Until you understand that the core of unix time is the "day", in the end, you only need to know the first leap year (If I recall properly it is 1972), then you have to handle the "rules" of leap years, and you will be ok (wikipedia I think, don't use google anymore since they now force javascript upon new web engines).

I did write such code in RISC-V assembly (for a custom command line on linux to output the statx syscall output). Then, don't be scared, with a bit of motivation, you'll figure it out.

DamonHD

The core of the UNIX time is seconds since epoch, nothing else. 'Day' has no special place at all. There are calendars for converting to and from dates, including Western-style, but the days in those calendars vary in length because of daylight saving switches and leap seconds for example.

Kwpolska

UNIX time ignores leap seconds, so every day is exactly 86400 seconds, and every year is either 365*86400 or 366*86400 seconds. This makes converting from yyyy-mm-dd to UNIX time quite easy, as you can just do `365*86400*(yyyy-1970) + leap_years*86400` to get to yyyy-01-01.

udidnmem

You cannot since it's missing time zone

RHSeeger

UTC is a timezone, though. Or am I misunderstanding what you're saying?

cvadict

That is fine as long as the input / output is always in UTC... but at the end of the day you often want to communicate that timepoint to a human user (e.g. an appointment time, the time at which some event happened, etc.), which is when our stupid monkey brains expect the ascii string you are showing us to actually make sense in our specific locale (including all of the warts each of those particular timezones have, including leap second, DST, etc.)

jxjsndbxbd

UTC would be marked as +Z

Without any marking, it could be anything

loeg

The article explicitly mentions UTC all over the place. It's UTC.

DamonHD

No '+'.

Noon UTC is "12:00Z".

emcell

again, one of the many reasons i dont code in c or cpp anymore

pif

And the fox said: "These grapes are sour".

Dylan16807

That makes no sense in this context.
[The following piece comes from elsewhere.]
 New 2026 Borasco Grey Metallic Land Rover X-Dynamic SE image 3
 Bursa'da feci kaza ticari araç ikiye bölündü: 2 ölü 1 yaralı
What's the situation you're imagining where they wanted to use C but something else prevented them so they made up an excuse to call C bad?

You know sometimes people just dislike things, right?

zX41ZdbW

The first rule of thumb is to never use functions from glibc (gmtime, localtime, mktime, etc) because half of them are non-thread-safe, and another half use a global mutex, and they are unreasonably slow. The second rule of thumb is to never use functions from C++, because iostreams are slow, and a stringstream can lead to a silent data loss if an exception is thrown during memory allocation.

ClickHouse has the "parseDateTimeBestEffort" function: https://clickhouse.com/docs/en/sql-reference/functions/type-... and here is its source code: https://github.com/ClickHouse/ClickHouse/blob/74d8551dadf735...